Antonio Casado – Cosa de dos.


MADRID, 1 (OTR/PRESS)

Se quejan los dirigentes del PSOE de que se mire hacia ellos como muro de contención del nacionalismo catalán sin tener en cuenta que fue el PP quien alimentó esta irresponsable deriva segregacionista liderada por Artur Mas, al que los parlamentarios autonómicos de Alicia Sánchez Camacho estuvieron apoyando hasta hace cinco minutos, por no recordar el efecto boomerang del recurso del partido de Rajoy ante el Tribunal Constitucional, que terminó recortando parcialmente el vigente Estatuto de Autonomía de Cataluña.

No le falta razón al PSOE. Tampoco le falta razón al PP cuando reprocha a los socialistas su ambigüedad a la hora de formular sus propuestas sobre el definitivo encaje de Cataluña en el Estado español. Un asunto sin cerrar, como se ha visto. Es verdad que el brote segregacionista viene a ser un epifenómeno de la crisis económica. Cuando la gente está agobiada porque no llega a fin de mes estas cosas prenden con facilidad. Sobre todo si los dos grandes partidos son incapaces de desenmascarar el oportunismo de Artur Mas, que lleva tres oleadas de recortes a las espaldas, preside la Comunidad más endeudada de España y hace como si la crisis económica no fuera con él. En esta difícil situación económica y social de los catalanes sólo se le ocurre anticipar en dos años las elecciones autonómicas y proponer la creación del Estado propio, como si eso fuera la purga Benito para curarse todos los males.

Los males del PP, en el poder, y del PSOE, en la oposición, no son solo los de Cataluña. Son los de toda España. Y tanto en el tirón del nacionalismo catalán como en el movimiento callejero de los indignados los dos grandes partidos nacionales se topan con quienes persiguen quimeras y ahondan en las disensiones, como advirtió en su día el Rey don Juan Carlos en su polémica cibercarta.

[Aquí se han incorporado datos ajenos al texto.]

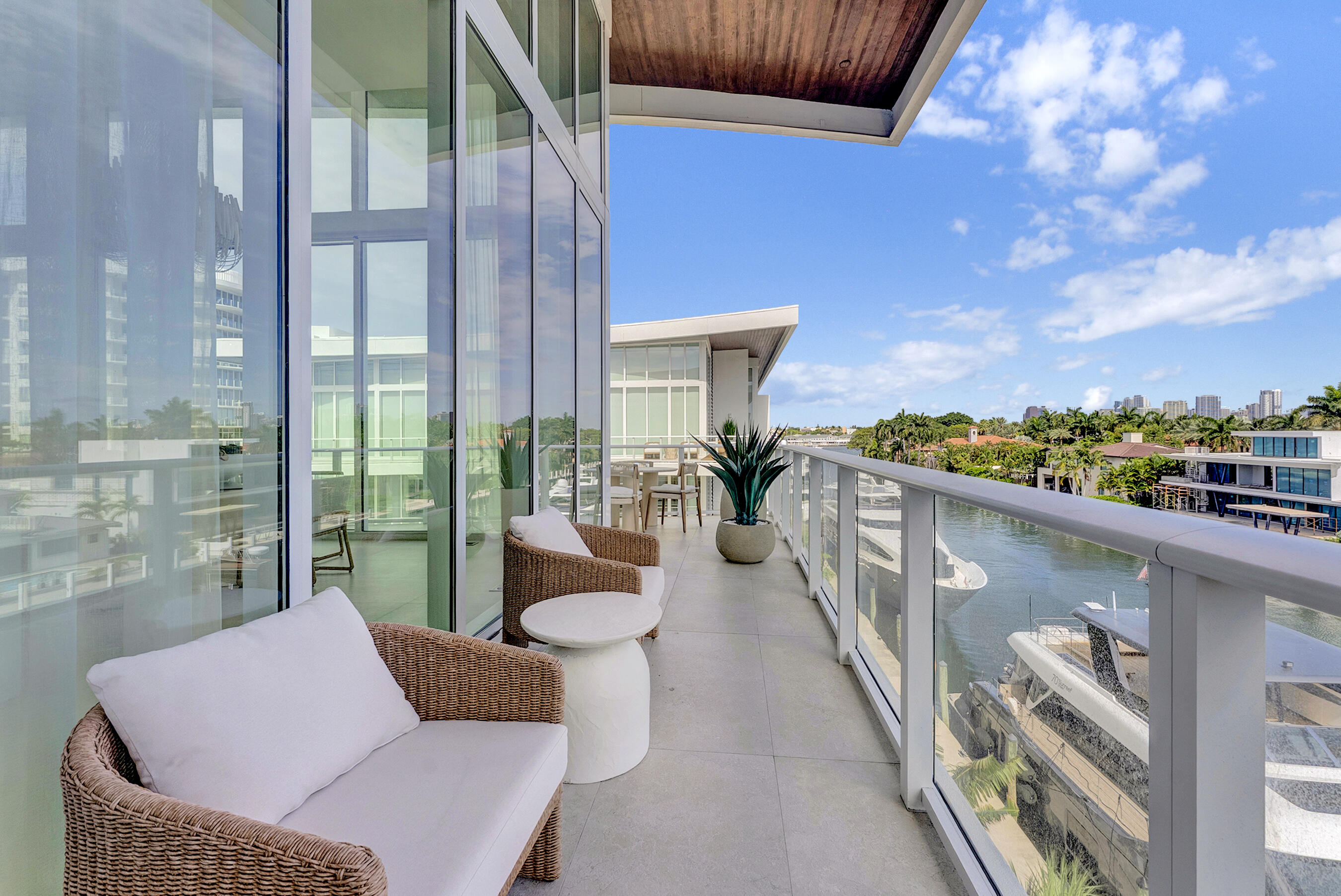 2321 SE 17th #401, Fort Lauderdale FL 33316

A socialistas y populares les toca explicar que la utilización de las instituciones catalanas en una eventual declaración de independencia, en nombre de un derecho de autodeterminación inaplicable en el marco de la legalidad vigente, sería un disparate.

No tendría validez jurídica ni sentido lógico porque el Parlament es una criatura de la Constitución española, donde no encaja la independencia. Tampoco encaja la autodeterminación concebida como quiebra del principio de integridad territorial. Impugnar ese principio, por agotamiento u otras razones, correspondería en todo caso al titular de la soberanía nacional, que es el conjunto de los españoles vivan donde vivan.

En resumen, toda una pedagogía cuyo despliegue corresponde a los dos grandes partidos nacionales sin distraer energías en culparse mutuamente de haber alentado esta peligrosa deriva soberanista. Ambos deben levantar conjuntamente el muro de contención frente a los nacionalismos periféricos en nombre de la razón civil que inspira la legalidad vigente.